• _Exercise brief_
Keep the images out and copy every entry below exactly.

Data excerpts section start

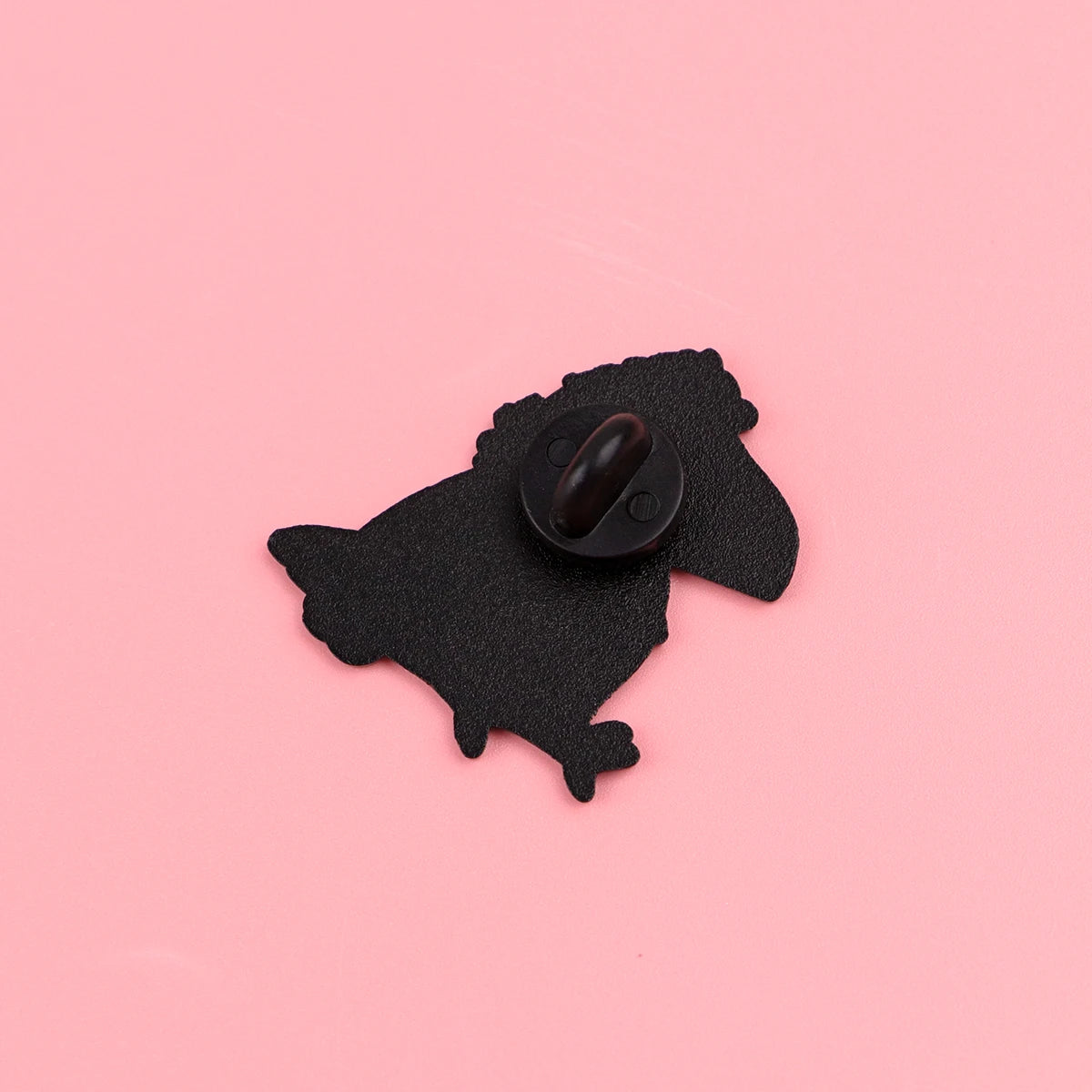Schwarze Silhouette einer Krähe auf rosa Hintergrund, mit einer Emaille-Anstecknadel.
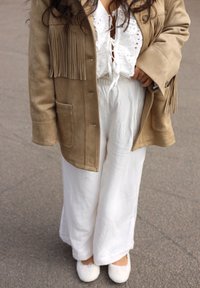 Gaišbrūna zamšāda jaka ar frizēm, balta mežģīņu blūze un brīvi piegrieztas baltas bikses. Mīkstas baltas čības papildina apģērbu.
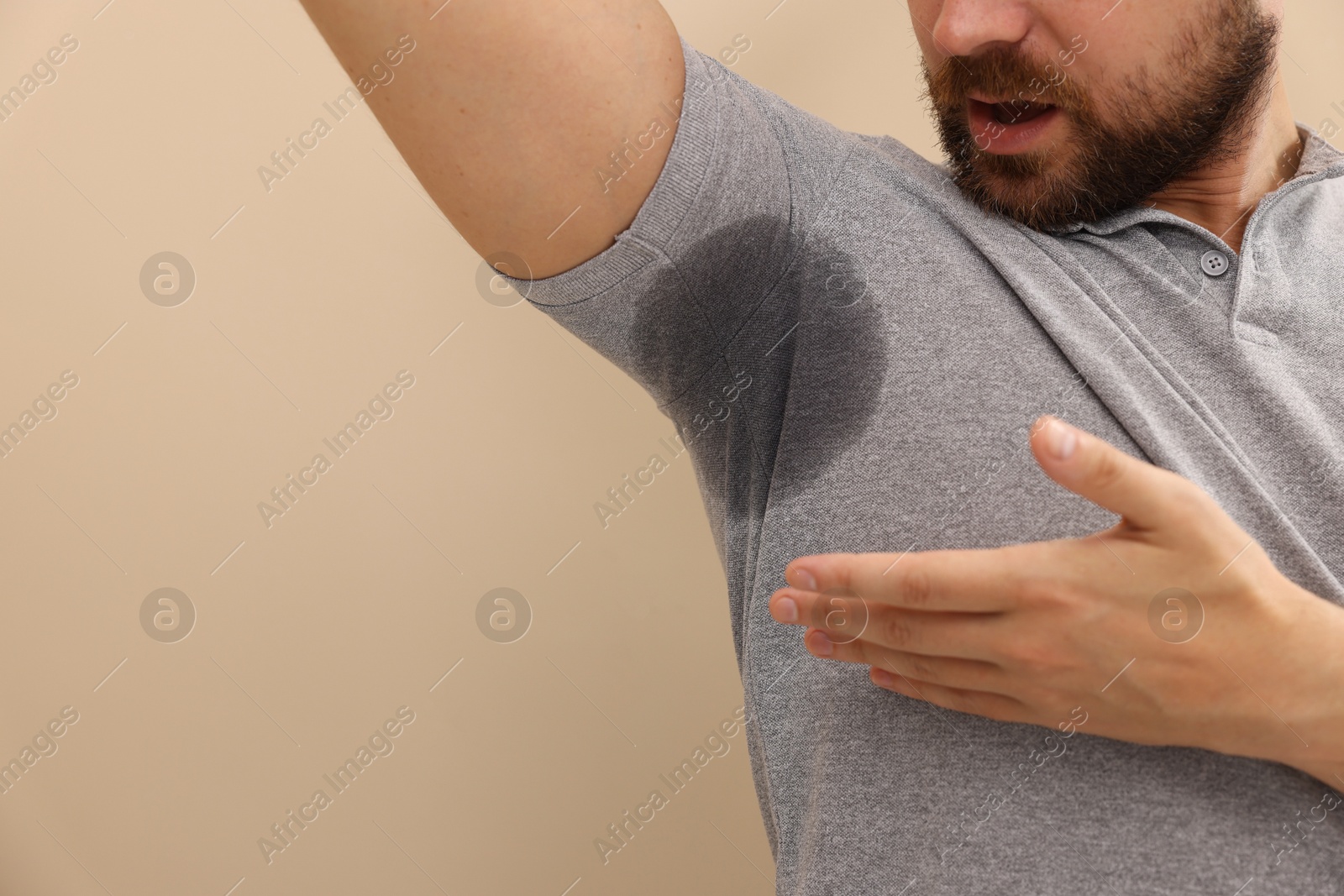 Photo of Man in t-shirt before using deodorant on beige background, closeup. Space for text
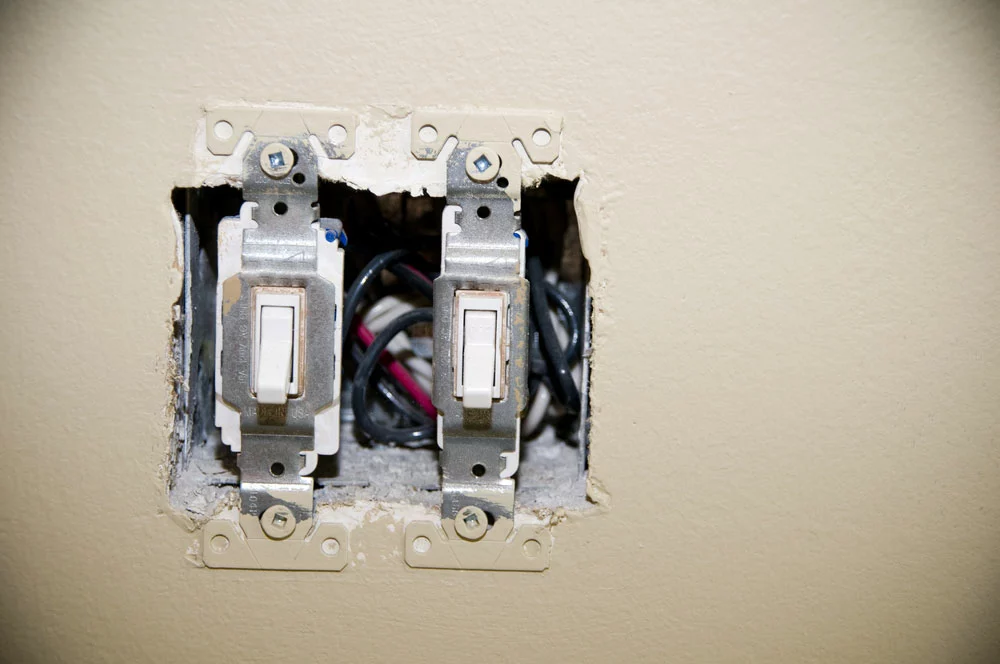 Light switches are installed on a switch box on a wall without the cover plate.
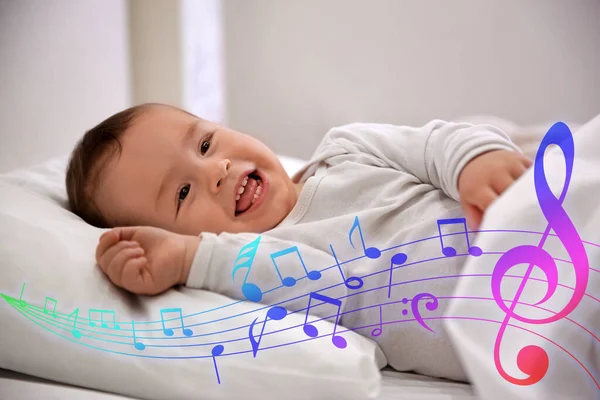 Flying music notes and cute little baby lying in comfortable crib. Lullaby songs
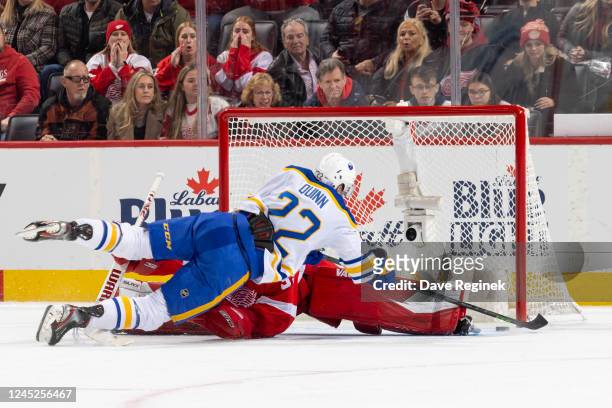 Jack Quinn of the Buffalo Sabres scores the game winning overtime shoot out goal on Alex Nedeljkovic of the Detroit Red Wings to defeat the Detroit...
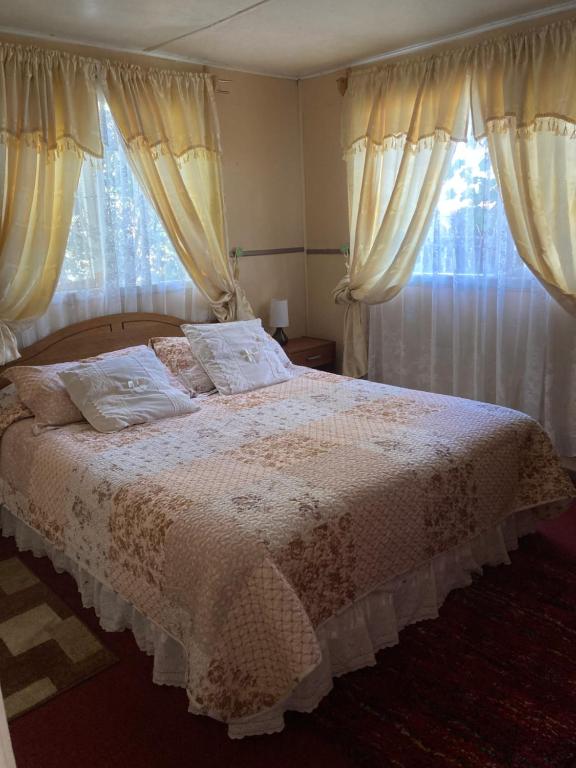 1 dormitorio con 1 cama grande con cortinas y ventana en Cabaña independiente, en Coyhaique
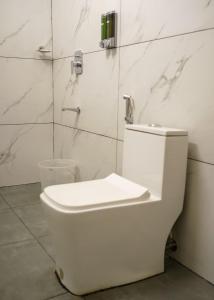 um WC branco numa casa de banho com paredes em mármore em The Vintage Haven Munnar em Devikolam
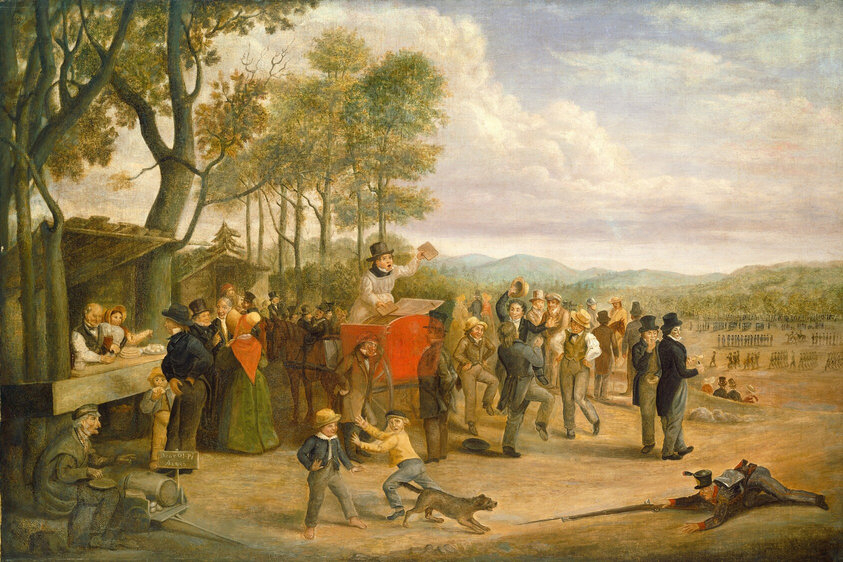 Approximately two dozen people gather around a man standing with his mouth wide open and holding up two objects in a scarlet-red structure on a horse-drawn cart in this horizontal painting. The people appear to all have pale skin and most are men. Near the center of the composition, the man in the cart wears a white robe over a black, high-collared garment and a tall charcoal-gray hat. A hatch on the red structure appears to be open, and he holds up what might be books or pamphlets. A ginger-brown horse stands behind him with its head bowed. In the crowd, the men wear black, brown, gray, dark blue, or olive-green clothing and hats. Two women are to the left. One wears a green gown with a pumpkin-orange shawl and a wide-brimmed bonnet. She faces away from us. She and two men talk near a stand where another man and woman sell food and drink. More people gather around a second stand or structure beyond this, and, in the lower left corner of the painting, a man with white hair and a hooked nose and chin sits by an open cart with a sign reading, “Bear O! Pi Aiggs.” A few men dance and others mill about to the right of the cart. Closer to us, one boy runs toward another as a soldier lies belly-down on the ground, holding a bayoneted rifle out toward a brown dog. The dog crouches with its mouth open. Beyond the dancers and onlookers, a field stretches back to wooded hills. In the field, more than a hundred people stand or march in lines. Lavender-tinged clouds pile up in the blue sky over the horizon, which comes about halfway up this composition.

Data excerpts section end

• _Exercise output_
Schwarze Silhouette einer Krähe auf rosa Hintergrund, mit einer Emaille-Anstecknadel.
 Gaišbrūna zamšāda jaka ar frizēm, balta mežģīņu blūze un brīvi piegrieztas baltas bikses. Mīkstas baltas čības papildina apģērbu.
 Photo of Man in t-shirt before using deodorant on beige background, closeup. Space for text
 Light switches are installed on a switch box on a wall without the cover plate.
 Flying music notes and cute little baby lying in comfortable crib. Lullaby songs
 Jack Quinn of the Buffalo Sabres scores the game winning overtime shoot out goal on Alex Nedeljkovic of the Detroit Red Wings to defeat the Detroit...
 1 dormitorio con 1 cama grande con cortinas y ventana en Cabaña independiente, en Coyhaique
 um WC branco numa casa de banho com paredes em mármore em The Vintage Haven Munnar em Devikolam
 Approximately two dozen people gather around a man standing with his mouth wide open and holding up two objects in a scarlet-red structure on a horse-drawn cart in this horizontal painting. The people appear to all have pale skin and most are men. Near the center of the composition, the man in the cart wears a white robe over a black, high-collared garment and a tall charcoal-gray hat. A hatch on the red structure appears to be open, and he holds up what might be books or pamphlets. A ginger-brown horse stands behind him with its head bowed. In the crowd, the men wear black, brown, gray, dark blue, or olive-green clothing and hats. Two women are to the left. One wears a green gown with a pumpkin-orange shawl and a wide-brimmed bonnet. She faces away from us. She and two men talk near a stand where another man and woman sell food and drink. More people gather around a second stand or structure beyond this, and, in the lower left corner of the painting, a man with white hair and a hooked nose and chin sits by an open cart with a sign reading, “Bear O! Pi Aiggs.” A few men dance and others mill about to the right of the cart. Closer to us, one boy runs toward another as a soldier lies belly-down on the ground, holding a bayoneted rifle out toward a brown dog. The dog crouches with its mouth open. Beyond the dancers and onlookers, a field stretches back to wooded hills. In the field, more than a hundred people stand or march in lines. Lavender-tinged clouds pile up in the blue sky over the horizon, which comes about halfway up this composition.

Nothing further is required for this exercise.